# I work hard for my money. so hard.



## artameates (Mar 10, 2004)

Im considering apprenticing. Tuition at the neighboring college is $1100+books, supplies. 3 years, 1 month in school, 11 working. I work hard for my money, and dont want spend it foolishly. Tonight i was on amazon and said, "books are expensive. Books are sources of knowledge." I also have been looking at some wonderful knives. they too are expensive. I feel the best way to proceed is Invest in 3 top quality knives, a stone, a textbook, a few dozen other books (still under budget!) and maybe a set of knives to leave at work. All of these are a good idea to have before going to school anyway. Maybe i can get a fridge that has a real freezer, not an ice box. 
Remeber in Back to the future when Doc says "Roads?

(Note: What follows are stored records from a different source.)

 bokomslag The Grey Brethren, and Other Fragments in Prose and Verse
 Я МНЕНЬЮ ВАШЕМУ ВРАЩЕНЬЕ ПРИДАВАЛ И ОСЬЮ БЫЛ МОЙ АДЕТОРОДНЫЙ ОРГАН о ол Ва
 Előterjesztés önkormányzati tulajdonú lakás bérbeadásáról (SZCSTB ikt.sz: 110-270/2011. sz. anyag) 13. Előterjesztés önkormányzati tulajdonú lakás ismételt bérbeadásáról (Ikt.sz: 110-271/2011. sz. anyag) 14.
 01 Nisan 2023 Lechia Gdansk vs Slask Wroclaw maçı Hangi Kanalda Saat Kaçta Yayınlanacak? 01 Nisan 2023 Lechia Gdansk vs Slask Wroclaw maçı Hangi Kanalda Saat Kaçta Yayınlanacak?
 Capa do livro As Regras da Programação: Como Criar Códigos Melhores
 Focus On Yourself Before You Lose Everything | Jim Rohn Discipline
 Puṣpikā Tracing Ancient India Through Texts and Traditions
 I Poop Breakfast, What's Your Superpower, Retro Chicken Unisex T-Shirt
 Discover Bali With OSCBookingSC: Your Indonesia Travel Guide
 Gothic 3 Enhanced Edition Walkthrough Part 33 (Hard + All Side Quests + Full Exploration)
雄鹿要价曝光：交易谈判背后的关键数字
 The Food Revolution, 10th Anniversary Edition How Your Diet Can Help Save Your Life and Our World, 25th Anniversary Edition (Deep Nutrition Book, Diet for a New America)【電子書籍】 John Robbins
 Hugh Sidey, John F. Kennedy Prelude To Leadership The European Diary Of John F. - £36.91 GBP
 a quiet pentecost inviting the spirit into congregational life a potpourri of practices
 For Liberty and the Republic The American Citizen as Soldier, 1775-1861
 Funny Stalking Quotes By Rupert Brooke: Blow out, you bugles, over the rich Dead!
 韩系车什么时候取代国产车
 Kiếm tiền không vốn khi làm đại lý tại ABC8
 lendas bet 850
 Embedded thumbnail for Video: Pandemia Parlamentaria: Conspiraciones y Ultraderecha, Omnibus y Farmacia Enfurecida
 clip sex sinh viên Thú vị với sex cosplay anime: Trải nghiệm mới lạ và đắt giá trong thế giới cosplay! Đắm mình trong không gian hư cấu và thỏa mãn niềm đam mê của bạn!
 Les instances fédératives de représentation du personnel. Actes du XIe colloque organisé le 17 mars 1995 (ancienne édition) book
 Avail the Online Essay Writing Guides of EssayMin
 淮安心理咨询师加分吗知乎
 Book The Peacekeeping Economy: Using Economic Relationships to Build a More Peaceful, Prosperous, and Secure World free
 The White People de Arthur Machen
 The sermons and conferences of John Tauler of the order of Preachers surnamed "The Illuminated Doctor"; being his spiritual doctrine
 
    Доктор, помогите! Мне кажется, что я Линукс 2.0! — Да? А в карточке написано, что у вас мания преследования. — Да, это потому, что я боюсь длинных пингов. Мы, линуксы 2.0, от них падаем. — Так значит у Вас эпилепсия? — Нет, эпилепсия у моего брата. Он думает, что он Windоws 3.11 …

Where we are going, we dont need roads." I feel the same. I dont need a certificate at this point, and 1 month of schooling a year would pale in comparison to what i will learn in a personal library. 200 words later, and im not considering apprenticing anymore. I am concerned that in the future, i will wish i had started school ASAP. Roll the dice.


----------



## coolj (Dec 12, 2000)

When I did my apprenticeship, I did my technical training at OUC. I had taken the one year cook training program here, which counted as experience towards my apprenticeship. All of my tuition for my technical training was covered by ITAC, I just had to pay my personal expenses and one text book. Mind you I finished in 2001 and things have changed. One thing I would tell anyone is that the 12 month program although it's something you can do with out, take the time and invest the money, you will wish you had.


----------